The jewellery industry in the early 1980s was established in such a way that manufacturers set a minimum price at which their goods could be sold by retailers, and market forces meant that most high-street jewellers eventually ended up selling those products at the minimum permissible price. In a desire to differentiate, the industry’s attentions focused on shop layout, decor and display, alongside the in-store customer experience.
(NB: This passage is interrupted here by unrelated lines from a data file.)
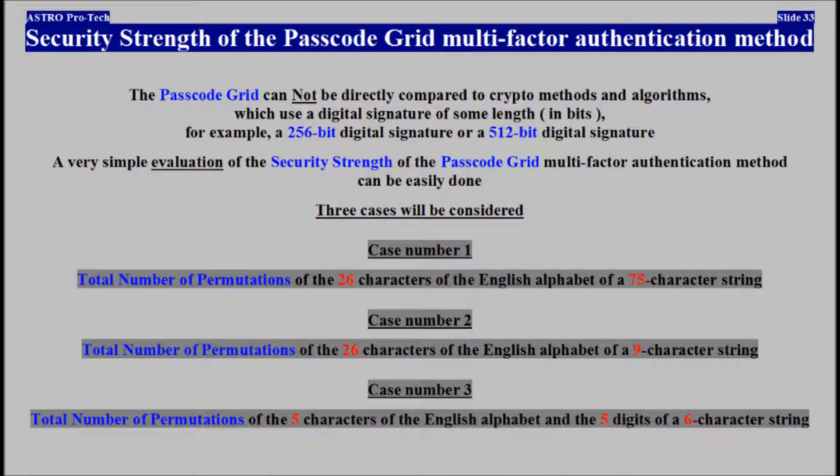Three cases will be considered. Case number 1: total number of permutations of the 26 characters of the English alphabet of a 75-character string. Case number 2: total number of permutations of the 26 characters of the English alphabet of a 9-character string. Case number 3: total number of permutations of the 5 characters of the English alphabet and 5 digits of a 6-character string.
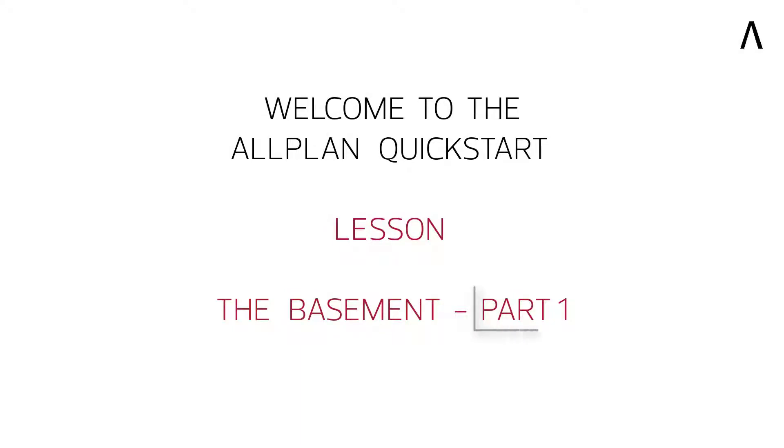Welcome to the first part of the Allplan Quick Start Lesson, Basement, where we will cover the creation of the basement.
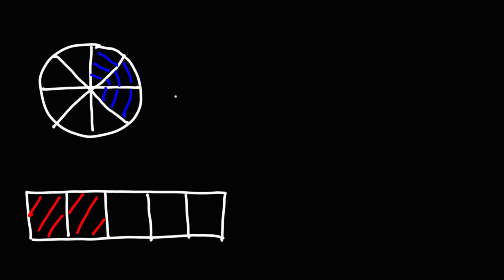So going back to the top circle, notice that the circle is broken into eight parts. So that's the total number of parts we have for that one circle. And out of the eight parts, only three parts are shaded in blue. So that's a fraction of three-eighths. Three are shaded out of a total of eight.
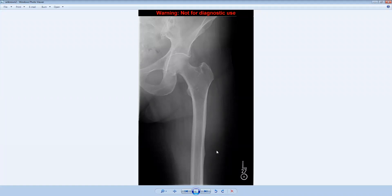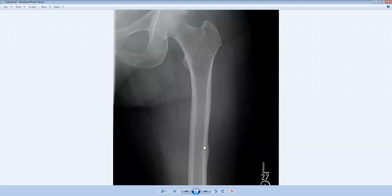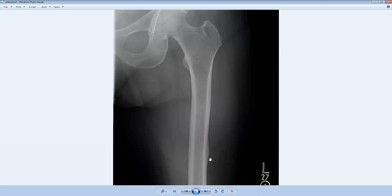But if we look a little closer at the subtrochanteric femur, we can see that there's a focal area of cortical thickening laterally along the femoral cortex, and there's a differential diagnosis for this.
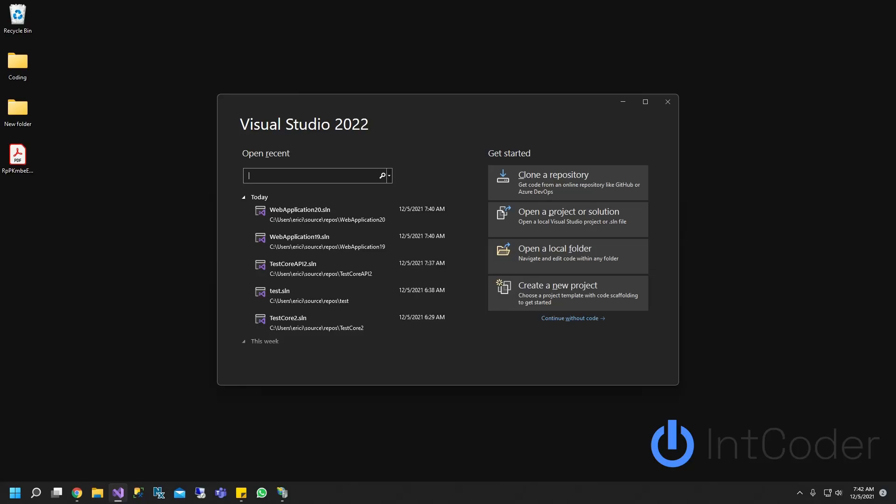Hello, everyone. On this video, you will learn how to publish your ASP.NET Core web application, web API to IIS by using Visual Studio 2022.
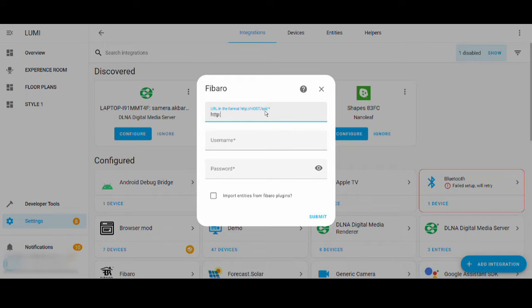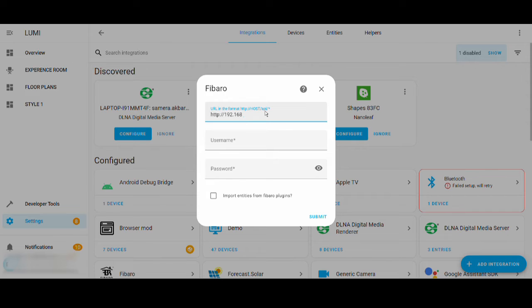Then add the IP address: HTTP followed by the Fibaro IP address, followed by /api. This is where some of us get it wrong - the trailing slash is optional.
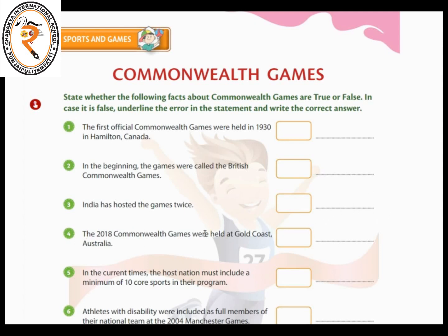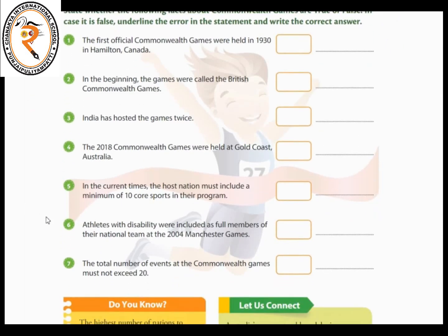The 2018 Commonwealth Games were held at Gold Coast, Australia — true. In the current times the host nation must include a minimum of 10 core sports in the program — true. Athletes with disability were included as full members of their national team at the 2004 Manchester games — false; underline 2004, the right answer is 2002. The total number of events at the Commonwealth Games must not exceed 20 — true.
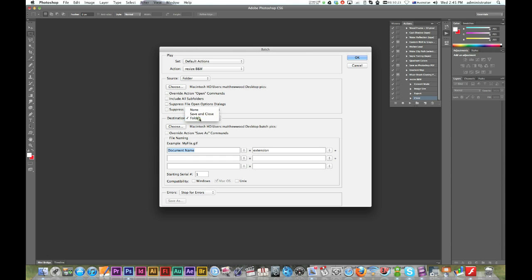Alright, I'm just going to make a new folder. Yep, you can choose where it is. Here's mine. I've just made the folder called batch pics. And that should be all okay. And I'll hit okay.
In the absence of being able to compete on price, the market focused on giving the customer a perception of quality, luxury and opulence.

But around the time he took over his family’s business, Ratner noticed a queue forming outside another jeweller where the message wasn’t around opulence – but rather the opposite. The window was full of price promotions, with signs using words like bargain and with promises of wholesale prices.

Could the assumed wisdom that quality, luxury and opulence was the only way to sell jewellery be incorrect? Ratner decided to find out.

He immediately went about reorienting his business around the promises of a low-cost, bargain-based, value-focused proposition. His customers responded enthusiastically almost immediately. He started selling products like watches, rings and necklaces below the minimum price set by manufacturers. He was selling so much that his suppliers turned a blind eye to it.

He disrupted an industry decades before the term was popular. He executed on a piece of incorrect perceived wisdom, and the rest is history.

Design thinking invests time exploring assumptions and biases. User experience, or UX, is focused around identifying and testing opinions and notions, which may or may not be true. Innovation design explores theories and hypotheses that can be tested as a means of identifying opportunity.

Ratner’s story reminds us why we do this.

Each of these techniques is founded on the rationale that the absorption of accepted wisdom hampers and limits opportunity, whereas the identification of previously undiscovered truth offers openings for competitive advantage.

Stelios Haji-Ioannou and Michael O’Leary challenged the assumption that airline travel needed to be focused on luxury, and so launched EasyJet and revolutionised Ryanair. Marc Benioff and his co-founders challenged the assumption that software needed to be bought, and so allowed their customers to rent Salesforce in the early days of software as a service.

In the words often (perhaps incorrectly) attributed to Mark Twain, “It ain’t what you don’t know that gets you into trouble, it’s what you know for sure that just ain’t so.”

Gareth Dunlop runs Fathom, a UX consultancy that helps organisations get the most from their digital products.